Netanyahu exagerou com os palestinianos e deixou fugir os sauditas
Em campanha, Netanyahu apresentou a normalização com o reino que custodia os santuários do islão como objectivo prioritário. Mas a realidade obrigou os países árabes a escolher o lado da Palestina.
Benjamin Netanyahu apostou a segurança de Israel, e a sua credibilidade, na criação de uma aliança regional anti-Irão. Em 2020, assinou os históricos Acordos de Abraão, selando a normalização de relações com os Emirados Árabes Unidos, Bahrein, Sudão e Marrocos. Apesar de ter celebrado uma “vitória estratégica” inegável, ficou a faltar o principal objectivo: a Arábia Saudita. De regresso ao poder, terá estado muito perto do sucesso, mas deixou escapar a oportunidade.
Na campanha para as eleições, o primeiro-ministro israelita prometeu a normalização com os sauditas; depois de tomar posse, em Dezembro, “não conseguia deixar de falar da Arábia Saudita”, escrevia em Janeiro o jornal Haaretz. O seu entusiasmo com o tema prolongou-se, mesmo por servir de distracção à grave crise aberta com a reforma judicial. Mas a seguir a realidade impôs-se, com os seus aliados radicais na coligação governamental a fazerem o que deles se poderia esperar.
O seu ministro da Segurança Nacional, Itamar Ben-Gvir, visitou o Pátio das Mesquitas, indignando novos (Emirados, Bahrein) e velhos (Jordânia) aliados: a condenação à “invasão do pátio da mesquita de Al-Aqsa” [terceiro lugar mais sagrado para os muçulmanos], na reacção dos Emirados, uniu Irão (e aliados) e todo o mundo árabe e muçulmano sunita (que a Arábia Saudita considera liderar).

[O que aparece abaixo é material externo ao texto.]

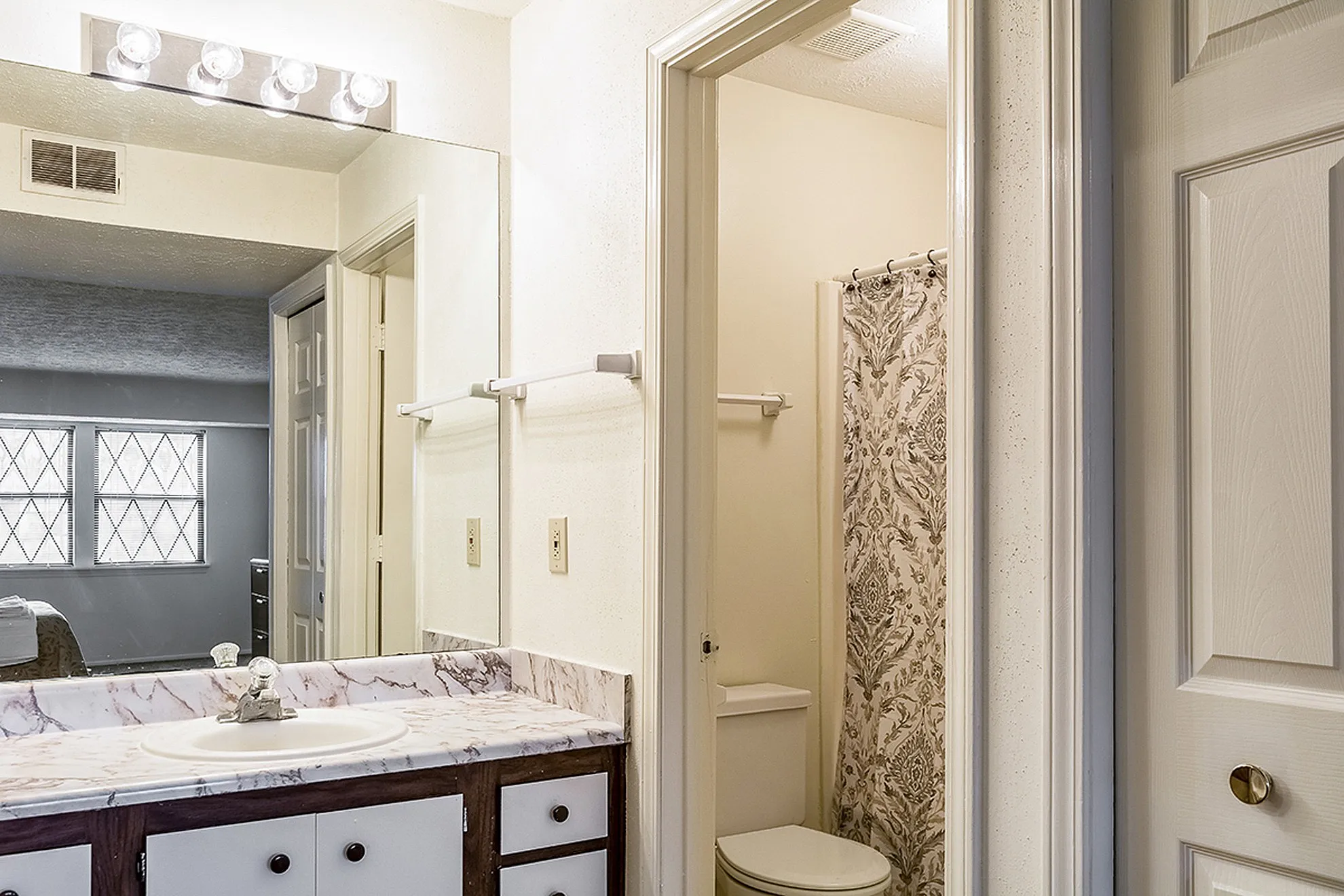 Bright bathroom featuring a large mirror, elegant marble countertop, and floral shower curtain, reflecting modern style.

Houve mais, como a reconstrução de colonatos na Cisjordânia ou o ministro das Finanças, Bezalel Smotrich, de extrema-direita, a negar a existência do povo palestiniano.
É difícil saber se os sauditas nunca estiveram convencidos a avançar para uma aproximação a Israel ou se foram demovidos pelos acontecimentos. No início de Março, dias antes do surpreendente anúncio do reatar de relações entre Riad e Teerão, o diário The Wall Street Journal divulgava a lista das exigências sauditas para a paz com os israelitas, lista que teria acabado de chegar a Washington – uma teoria é que o fez para mostrar aos Estados Unidos que a porta continuava aberta aos seus objectivos comuns, mesmo sobre Israel.
Certo é que enquanto alimentava expectativas em Israel e nos EUA avançava nas negociações com o país com que historicamente disputa a hegemonia regional, o principal representante do islão xiita.
Alguns analistas consideraram que o pacto que promete abrir portas a uma nova realidade no Médio Oriente enterrou de vez os planos de Netanyahu e os Acordos de Abraão. Na prática, estes acordos não têm recuo e os projectos económicos entre Israel e os vários países não foram travados. Mas a visita aos Emirados, que Netanyahu queria que fosse a primeira do seu novo mandato, nunca aconteceu, com o país anfitrião a cancelar os planos, primeiro em Janeiro e novamente em Março.
Este mês, com os ataques da polícia israelita a Al-Aqsa, durante o Ramadão, o tom das críticas a Israel nas capitais árabes só aumentou. E segundo escreveu esta semana o Wall Street, os sauditas já fizeram saber que as negociações com Israel deixaram de ser um objectivo imediato. Em vez de conseguir cimentar a normalização com Riad, Netanyahu arrisca-se a contribuir para que a causa palestiniana volte a unir árabes e muçulmanos, depois da indiferença e apatia dos últimos anos.
“Todos os muçulmanos têm o dever de deter a escalada israelita contra os locais sagrados islâmicos e cristãos em Jerusalém”, afirmou, no início de Abril, o rei jordano, Abdullah, cita o colunista palestiniano Ramzy Baroud, num artigo publicado no jornal digital Middle East Eye. “Quando isto acontecer”, continua Baroud, “em vez de isolar e intimidar os palestinianos, será Israel que se verá cada mais isolado”.